Crawled caption data
::::
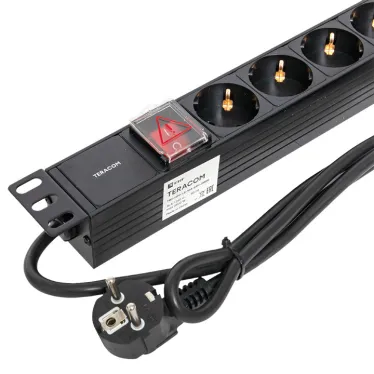 Блок розеток PDU TERACOM 19' 1U 16А/250В 6 роз. Schuko с выключателем шнур 2 м 3x1.5 мм2 вилка Schuko корпус пластик черный
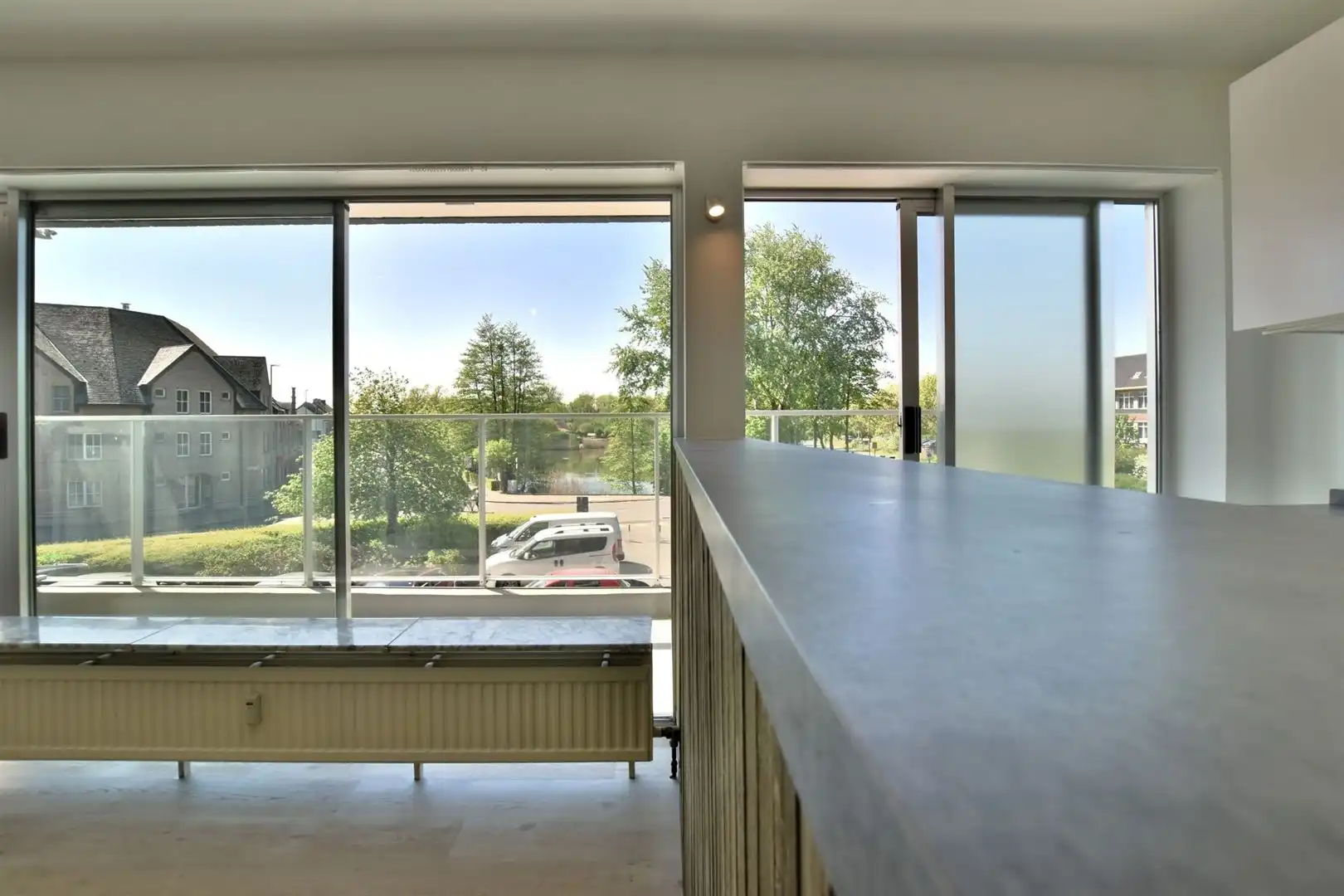 Stijlvol vernieuwd appartement met uniek zicht op de Brusselse Forten foto 9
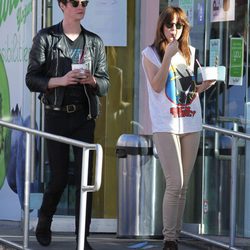 Dakota Johnson y Matthew Hitt pasean por las calles de Los Ángeles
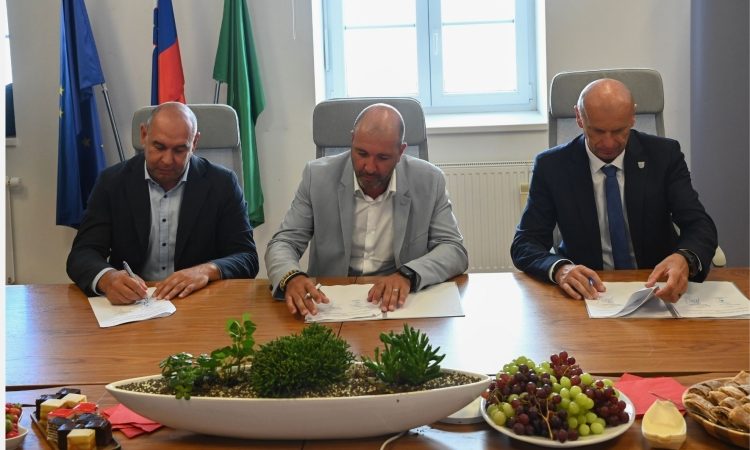 V Krškem podpisali koncesijsko pogodbo za mestni potniški promet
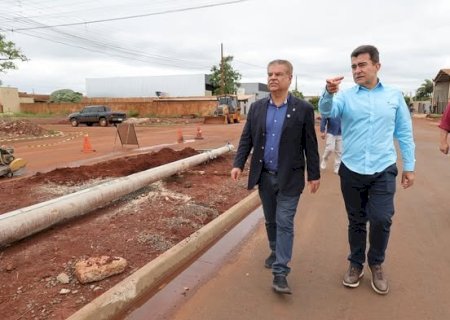 PREFEITO E SENADOR NELSINHO TRAD VISTORIAM OBRAS DE ASFALTO DO PARQUE DOS JEQUITIBÁS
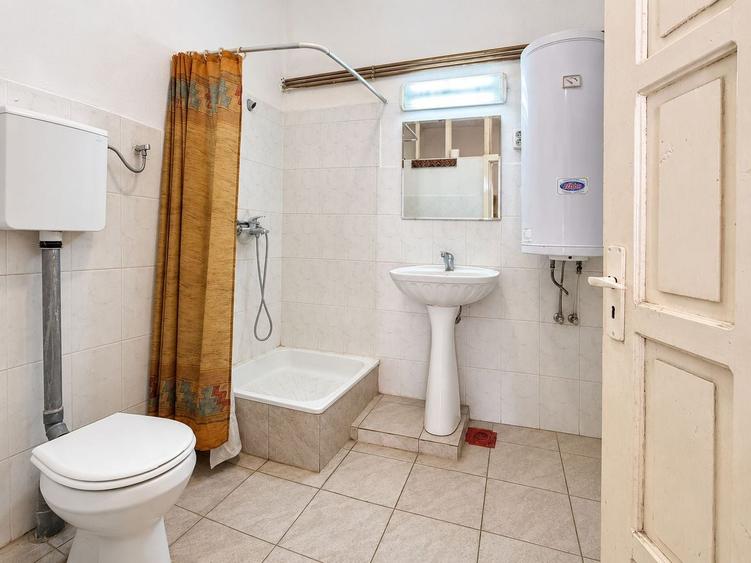 Casă individuală cu 3 camere cu Canalizare în Central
::::
• YOUR TASK:
Omitting all pictures, restate word for word the lines from the one containing "Dakota Johnson y" through the last line of the data.

• RESPONSE TO THIS TASK:
 Dakota Johnson y Matthew Hitt pasean por las calles de Los Ángeles
 V Krškem podpisali koncesijsko pogodbo za mestni potniški promet
 PREFEITO E SENADOR NELSINHO TRAD VISTORIAM OBRAS DE ASFALTO DO PARQUE DOS JEQUITIBÁS
 Casă individuală cu 3 camere cu Canalizare în Central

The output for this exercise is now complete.